▶ **Brief**: Print the first line of the records below and every line after it, up to and including the line with "Borden met kerstfeestfeestdag". Print nothing else.

***** Data supplied *****

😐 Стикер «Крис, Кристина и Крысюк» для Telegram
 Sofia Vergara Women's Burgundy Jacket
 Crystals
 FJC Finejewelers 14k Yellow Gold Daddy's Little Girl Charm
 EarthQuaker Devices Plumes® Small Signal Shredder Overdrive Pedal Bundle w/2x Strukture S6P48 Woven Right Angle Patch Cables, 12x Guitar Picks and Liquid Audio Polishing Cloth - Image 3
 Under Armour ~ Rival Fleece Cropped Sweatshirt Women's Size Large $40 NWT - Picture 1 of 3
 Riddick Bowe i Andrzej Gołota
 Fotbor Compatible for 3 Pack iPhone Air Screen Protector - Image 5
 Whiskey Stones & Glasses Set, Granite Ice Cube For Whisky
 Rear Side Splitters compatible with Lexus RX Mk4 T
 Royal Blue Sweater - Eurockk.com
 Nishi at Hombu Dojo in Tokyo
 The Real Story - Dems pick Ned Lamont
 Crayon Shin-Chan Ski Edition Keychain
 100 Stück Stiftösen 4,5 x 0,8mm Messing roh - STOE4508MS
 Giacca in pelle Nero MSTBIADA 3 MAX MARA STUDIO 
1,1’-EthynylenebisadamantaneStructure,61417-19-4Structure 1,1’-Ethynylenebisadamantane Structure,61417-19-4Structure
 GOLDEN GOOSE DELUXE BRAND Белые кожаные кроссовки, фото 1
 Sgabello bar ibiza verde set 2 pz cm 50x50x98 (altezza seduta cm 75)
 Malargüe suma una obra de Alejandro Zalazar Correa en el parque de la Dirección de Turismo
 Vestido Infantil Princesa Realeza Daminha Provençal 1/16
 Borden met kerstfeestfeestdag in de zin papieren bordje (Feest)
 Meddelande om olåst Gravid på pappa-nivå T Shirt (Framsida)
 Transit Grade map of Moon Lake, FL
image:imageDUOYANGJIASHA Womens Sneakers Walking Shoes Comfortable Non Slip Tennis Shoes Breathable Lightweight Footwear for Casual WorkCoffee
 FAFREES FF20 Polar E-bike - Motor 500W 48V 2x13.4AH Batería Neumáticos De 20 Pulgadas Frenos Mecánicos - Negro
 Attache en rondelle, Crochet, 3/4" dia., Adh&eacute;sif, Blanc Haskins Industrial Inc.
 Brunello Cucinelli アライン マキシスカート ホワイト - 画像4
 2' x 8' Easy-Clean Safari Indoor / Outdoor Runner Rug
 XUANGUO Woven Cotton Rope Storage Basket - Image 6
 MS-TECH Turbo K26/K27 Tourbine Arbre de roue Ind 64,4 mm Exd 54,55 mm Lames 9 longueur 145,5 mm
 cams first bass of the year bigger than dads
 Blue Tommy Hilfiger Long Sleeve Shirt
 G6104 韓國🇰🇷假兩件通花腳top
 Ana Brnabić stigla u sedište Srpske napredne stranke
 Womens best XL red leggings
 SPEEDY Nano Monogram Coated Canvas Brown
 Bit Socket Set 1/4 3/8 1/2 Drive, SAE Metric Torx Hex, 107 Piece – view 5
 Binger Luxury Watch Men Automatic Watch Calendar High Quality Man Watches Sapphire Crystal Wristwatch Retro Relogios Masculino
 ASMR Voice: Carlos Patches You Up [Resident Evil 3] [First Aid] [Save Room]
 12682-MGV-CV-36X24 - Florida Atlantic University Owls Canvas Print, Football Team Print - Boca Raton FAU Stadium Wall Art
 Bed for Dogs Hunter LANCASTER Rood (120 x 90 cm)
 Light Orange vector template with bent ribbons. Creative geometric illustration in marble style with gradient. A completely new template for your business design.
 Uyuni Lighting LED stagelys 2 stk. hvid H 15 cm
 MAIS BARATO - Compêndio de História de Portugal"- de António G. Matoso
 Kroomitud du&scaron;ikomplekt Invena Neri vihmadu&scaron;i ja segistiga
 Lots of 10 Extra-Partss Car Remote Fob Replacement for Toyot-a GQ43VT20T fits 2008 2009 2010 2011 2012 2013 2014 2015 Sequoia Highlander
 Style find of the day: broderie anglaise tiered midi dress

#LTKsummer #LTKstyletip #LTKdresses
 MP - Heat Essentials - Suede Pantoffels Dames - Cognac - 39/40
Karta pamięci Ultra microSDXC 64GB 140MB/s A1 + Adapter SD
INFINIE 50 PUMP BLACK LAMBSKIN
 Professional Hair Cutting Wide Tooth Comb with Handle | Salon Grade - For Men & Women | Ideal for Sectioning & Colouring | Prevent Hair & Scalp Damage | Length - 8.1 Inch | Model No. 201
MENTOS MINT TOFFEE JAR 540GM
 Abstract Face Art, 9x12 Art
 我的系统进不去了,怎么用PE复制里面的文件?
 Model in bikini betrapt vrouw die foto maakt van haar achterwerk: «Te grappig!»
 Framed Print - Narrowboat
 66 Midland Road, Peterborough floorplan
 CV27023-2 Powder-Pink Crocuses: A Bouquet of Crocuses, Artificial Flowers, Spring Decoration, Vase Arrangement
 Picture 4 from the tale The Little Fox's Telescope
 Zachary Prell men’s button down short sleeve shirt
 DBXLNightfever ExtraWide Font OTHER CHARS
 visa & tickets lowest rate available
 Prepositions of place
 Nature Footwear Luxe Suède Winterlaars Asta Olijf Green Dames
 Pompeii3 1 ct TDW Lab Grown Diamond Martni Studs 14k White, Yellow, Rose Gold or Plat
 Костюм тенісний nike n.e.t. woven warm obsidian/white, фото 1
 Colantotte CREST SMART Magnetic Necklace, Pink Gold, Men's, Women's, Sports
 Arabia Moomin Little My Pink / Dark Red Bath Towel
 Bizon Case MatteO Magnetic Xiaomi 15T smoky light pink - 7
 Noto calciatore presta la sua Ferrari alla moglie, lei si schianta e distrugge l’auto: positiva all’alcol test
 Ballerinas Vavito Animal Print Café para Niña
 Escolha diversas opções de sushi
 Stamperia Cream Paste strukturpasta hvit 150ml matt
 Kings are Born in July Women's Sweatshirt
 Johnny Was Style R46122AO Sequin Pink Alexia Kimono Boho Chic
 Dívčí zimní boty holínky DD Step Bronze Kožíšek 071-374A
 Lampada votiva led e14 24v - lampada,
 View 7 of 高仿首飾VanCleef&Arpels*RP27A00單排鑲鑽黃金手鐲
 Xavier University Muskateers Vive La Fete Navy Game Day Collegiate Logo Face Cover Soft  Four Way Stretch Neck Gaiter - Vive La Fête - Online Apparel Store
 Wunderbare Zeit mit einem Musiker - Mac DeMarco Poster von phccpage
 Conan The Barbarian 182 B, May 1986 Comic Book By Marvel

*****

▶ **Task output**:
😐 Стикер «Крис, Кристина и Крысюк» для Telegram
 Sofia Vergara Women's Burgundy Jacket
 Crystals
 FJC Finejewelers 14k Yellow Gold Daddy's Little Girl Charm
 EarthQuaker Devices Plumes® Small Signal Shredder Overdrive Pedal Bundle w/2x Strukture S6P48 Woven Right Angle Patch Cables, 12x Guitar Picks and Liquid Audio Polishing Cloth - Image 3
 Under Armour ~ Rival Fleece Cropped Sweatshirt Women's Size Large $40 NWT - Picture 1 of 3
 Riddick Bowe i Andrzej Gołota
 Fotbor Compatible for 3 Pack iPhone Air Screen Protector - Image 5
 Whiskey Stones & Glasses Set, Granite Ice Cube For Whisky
 Rear Side Splitters compatible with Lexus RX Mk4 T
 Royal Blue Sweater - Eurockk.com
 Nishi at Hombu Dojo in Tokyo
 The Real Story - Dems pick Ned Lamont
 Crayon Shin-Chan Ski Edition Keychain
 100 Stück Stiftösen 4,5 x 0,8mm Messing roh - STOE4508MS
 Giacca in pelle Nero MSTBIADA 3 MAX MARA STUDIO 
1,1’-EthynylenebisadamantaneStructure,61417-19-4Structure 1,1’-Ethynylenebisadamantane Structure,61417-19-4Structure
 GOLDEN GOOSE DELUXE BRAND Белые кожаные кроссовки, фото 1
 Sgabello bar ibiza verde set 2 pz cm 50x50x98 (altezza seduta cm 75)
 Malargüe suma una obra de Alejandro Zalazar Correa en el parque de la Dirección de Turismo
 Vestido Infantil Princesa Realeza Daminha Provençal 1/16
 Borden met kerstfeestfeestdag in de zin papieren bordje (Feest)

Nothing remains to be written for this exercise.